Trust, but verify: Considering the damages already caused via memory corruption, I would argue that even if you have a list of people you trust to both write @trusted and review @trusted code (both of which is fine imho), reviewing them yourself (when writing an application) is the prudent (and sane) course of action.
This is infeasable even if @safe and @trusted reduce the Herculic task by large.

Especially basic libraries will over time become tested and audited by very many people or even organizations. So after some time they really can be trusted.

Absolutely not. This kind of mentality is what allowed bugs like heartbleed to rot for years[2], or even decades[3]. Unsafe code can never be *inherently* trusted.
In addition to trusted, D has unittests that - in harsh contrast to C - are run by most users. And especially @trusted functions have extensive tests - even more so if they ever showed some untrustworthy behaviour. This increasing unittest blocks make older and more used libraries indeed more reliable, even if a function is changed (also in contrast to C where a changed function start again at zero trust while a D function has to pass all the old unittests and therefore start with high trust level)

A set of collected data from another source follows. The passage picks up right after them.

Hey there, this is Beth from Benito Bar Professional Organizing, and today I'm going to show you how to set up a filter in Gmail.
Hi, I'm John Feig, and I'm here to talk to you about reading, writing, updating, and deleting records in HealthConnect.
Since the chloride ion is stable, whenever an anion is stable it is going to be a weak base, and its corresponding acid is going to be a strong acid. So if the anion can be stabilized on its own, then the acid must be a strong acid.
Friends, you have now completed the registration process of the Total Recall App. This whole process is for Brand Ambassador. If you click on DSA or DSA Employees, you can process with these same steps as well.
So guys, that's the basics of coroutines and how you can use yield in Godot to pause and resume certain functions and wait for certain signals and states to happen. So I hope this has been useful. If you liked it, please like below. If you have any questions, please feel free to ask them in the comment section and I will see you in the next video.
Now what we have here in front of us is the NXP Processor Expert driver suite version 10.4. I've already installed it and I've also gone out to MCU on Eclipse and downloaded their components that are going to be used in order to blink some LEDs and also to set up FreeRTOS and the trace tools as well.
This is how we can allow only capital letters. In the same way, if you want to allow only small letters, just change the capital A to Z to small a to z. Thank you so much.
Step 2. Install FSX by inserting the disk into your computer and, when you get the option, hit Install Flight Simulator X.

For bigger projects you always need to trust in some previous work.

Not really. You can always verify any @trusted code (and if the amount of @trusted code you have to verify is large, then I argue that you are using the wrong previous work with regards to memory safety).
Sorry. Reviewing everything you use is impossible. I just can't believe you if you claim to do so.

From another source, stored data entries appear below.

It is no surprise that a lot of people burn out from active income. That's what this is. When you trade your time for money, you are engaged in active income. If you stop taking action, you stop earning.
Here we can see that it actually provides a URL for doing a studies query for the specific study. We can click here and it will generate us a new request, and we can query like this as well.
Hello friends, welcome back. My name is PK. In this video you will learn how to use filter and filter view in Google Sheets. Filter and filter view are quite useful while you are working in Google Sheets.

But having the @trusted and @save mechanism makes the resulting code a whole lot more trustworthy than any C library can ever be - just by reducing the number of lines of code that really need be audited.

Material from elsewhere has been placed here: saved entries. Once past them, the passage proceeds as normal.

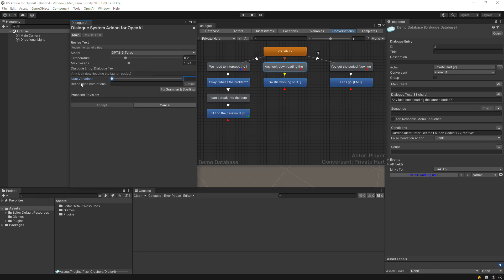Enter refinement instructions to tell OpenAI how to revise your text. From here, you can click Fix Grammar and Spelling, or click Refine to get revision suggestions. You can also adjust the Num Variations slider to get multiple suggestions — we'll set it to 3 here.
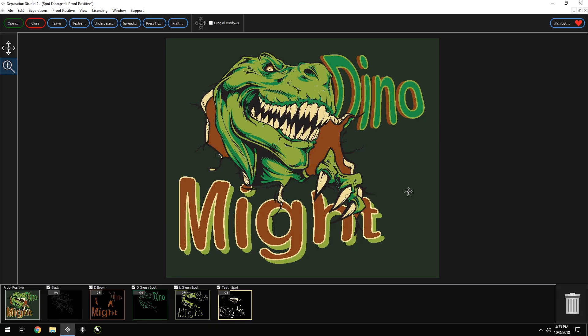Hi, today we're going to take a look at a really great new feature all screen printers will appreciate. It's called spread. Spreading separations is a great way to improve registration on any press. When colors overlap, slight movement by press heads or garments are no longer an issue.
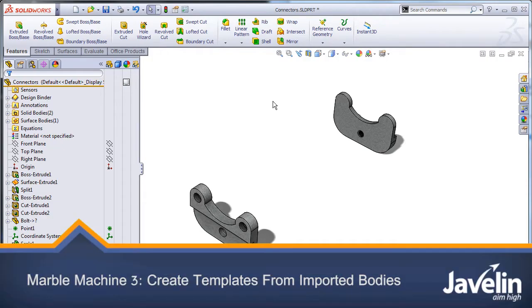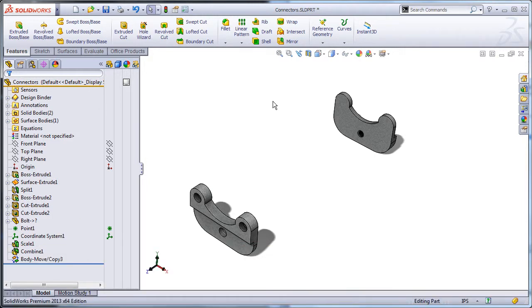The next step is to create a template or library part that will be used to create all of the roller coaster track segments. There are two methods for doing this.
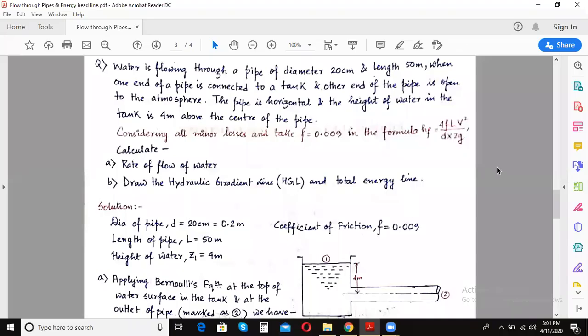Welcome back students to another lecture of fluid mechanics. We were trying to solve a problem which included the calculation of different head losses due to friction and due to bends at pipe, and also we were supposed to calculate the discharge or rate of flow of water through the pipe. I would request you to go back to the problem and see it if you haven't already.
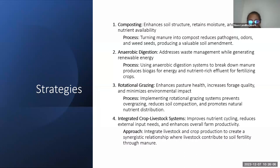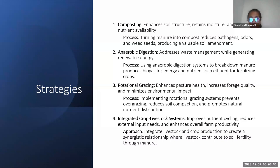Rotational grazing enhances pasture health, increases forage quality, and minimizes environmental impact. Integrated crop-livestock systems improve nutrient cycling, reduce external input needs, and enhance overall farm productivity. The main approach is to integrate livestock and crop production to create a synergistic relationship where livestock contribute to soil fertility through manure.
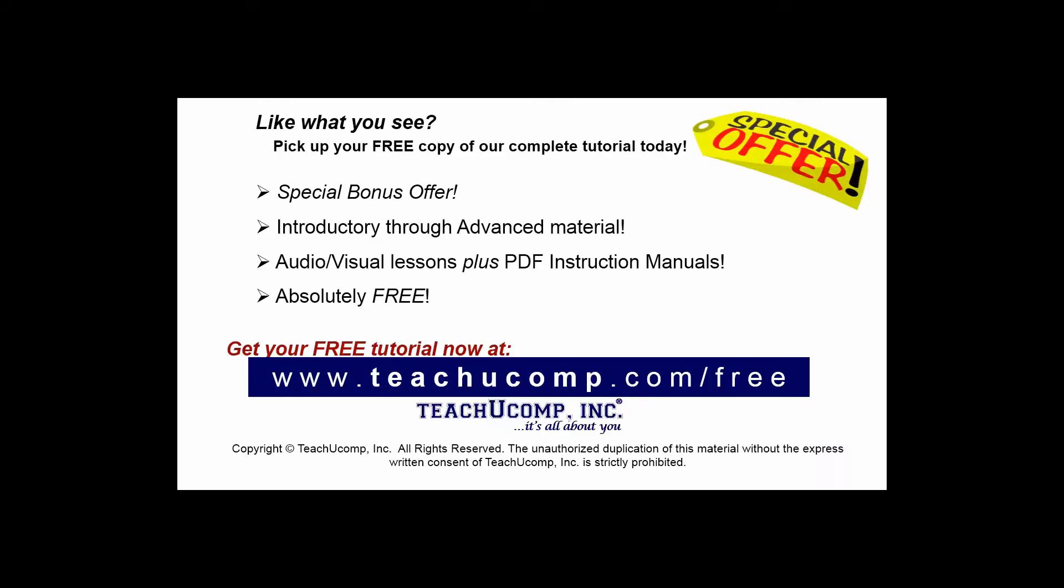Like what you see? Pick up your free copy of the complete tutorial at www.teachyoucomp.com forward slash free.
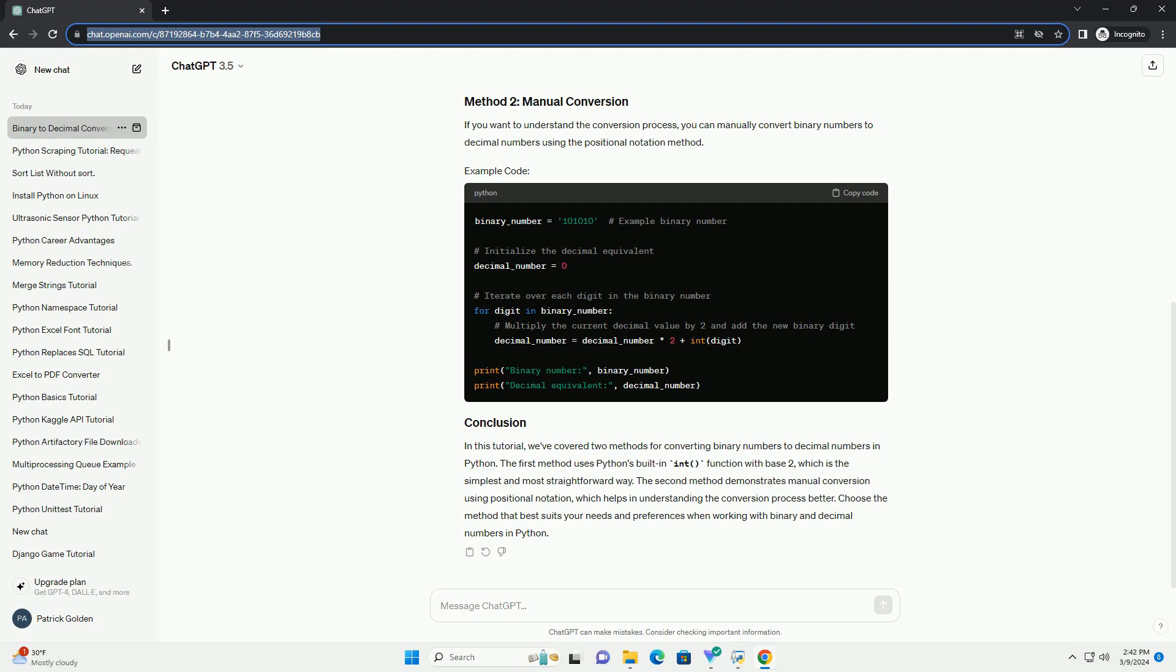If you want to understand the conversion process, you can manually convert binary numbers to decimal numbers using the positional notation method.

I agree with that viewpoint (and wrote about the reduced auditing work previously in this conversation), but the quote you responded to here was about using D in general being memory safe (which is binary "yes/no"), not any particular library's degree of trustworthyness with regards to memory safety (which is a continuous scale).
No. Declaring a function @safe is still no binary "yes". I don't believe in such absolute values. Clearly the likelyhood of memory corruption will be orders of magnitude lower, but never zero. The compiler may have bugs, the system a SW is running on will have bugs, even hardware failures are possible. Everything is about trust.

I personally would not going bejond probing some few functions within a library which I think are more complicated and fragile, and if I find them ok, my trust in what else the authors have marked @trusted increases likewise.

That is your choice, but the general track record of trusting others to get it right without verifying it yourself remains atrocious and I would still consider you negligent for doing so, because while in C one has had little other choice historically - since without a @safe concept the amount of code one would have to verify reaches gargantuan size - in D we can (and should imho) only have small amounts of @trusted code.
Of course. And an decreasing amount. But what we have is already a huge step in the right direction. We should live in the reality. Everybodies time is spare. So you can always spent your time for checking code only for the parts which are most important for you and which you suspect the most. Claiming otherwise is - believe it or not - making you less trustworthy to me.